── Excerpted records ──

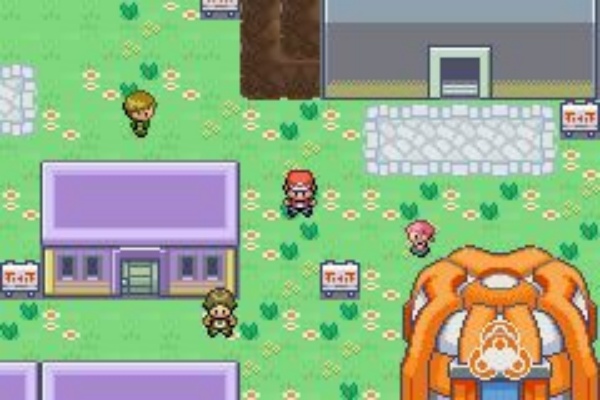 口袋妖怪梦的光点4.0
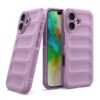 Amazon Brand-Solimo Basic Case for Apple iPhone 16 Plus (Sil...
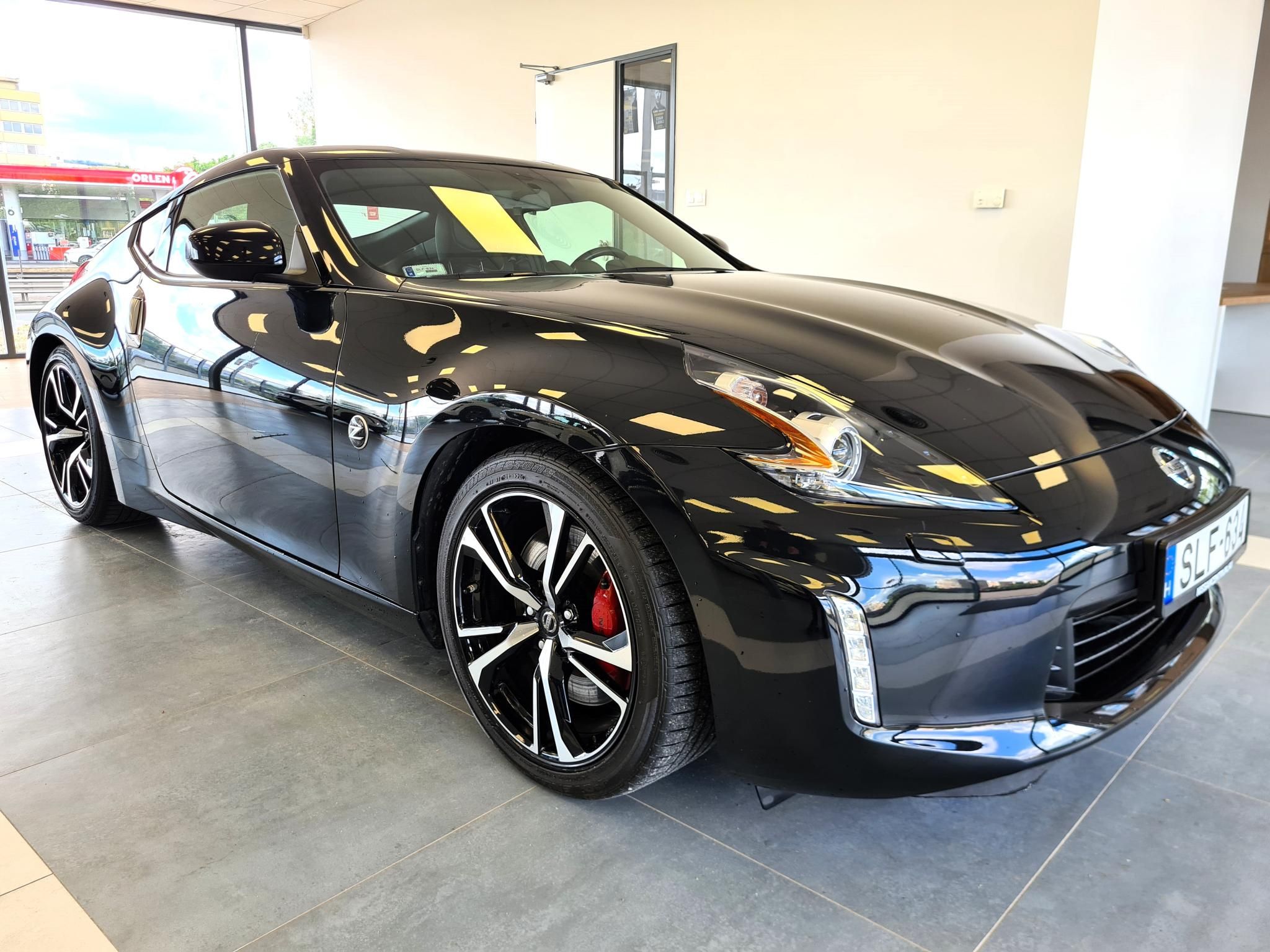 370 Z 3.7 V6 Platinum Automata E6.2 MO-i! 28.336 KM!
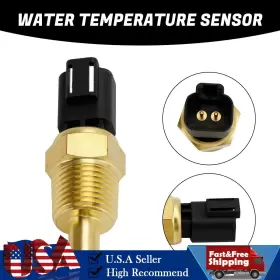 I057-a110 Darupsun 716/30126 71630126 Water Temperature Sensor For Jcb Parts 2cx 3cx 4cx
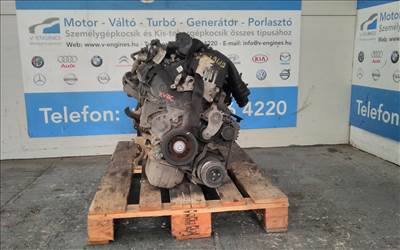FORD Fiesta XVJC BONTOTT MOTOR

───

:: Problem to work on ::
In your copy, repeat each record exactly and include no pictures.

:: Response to the task ::
 口袋妖怪梦的光点4.0
 Amazon Brand-Solimo Basic Case for Apple iPhone 16 Plus (Sil...
 370 Z 3.7 V6 Platinum Automata E6.2 MO-i! 28.336 KM!
 I057-a110 Darupsun 716/30126 71630126 Water Temperature Sensor For Jcb Parts 2cx 3cx 4cx
FORD Fiesta XVJC BONTOTT MOTOR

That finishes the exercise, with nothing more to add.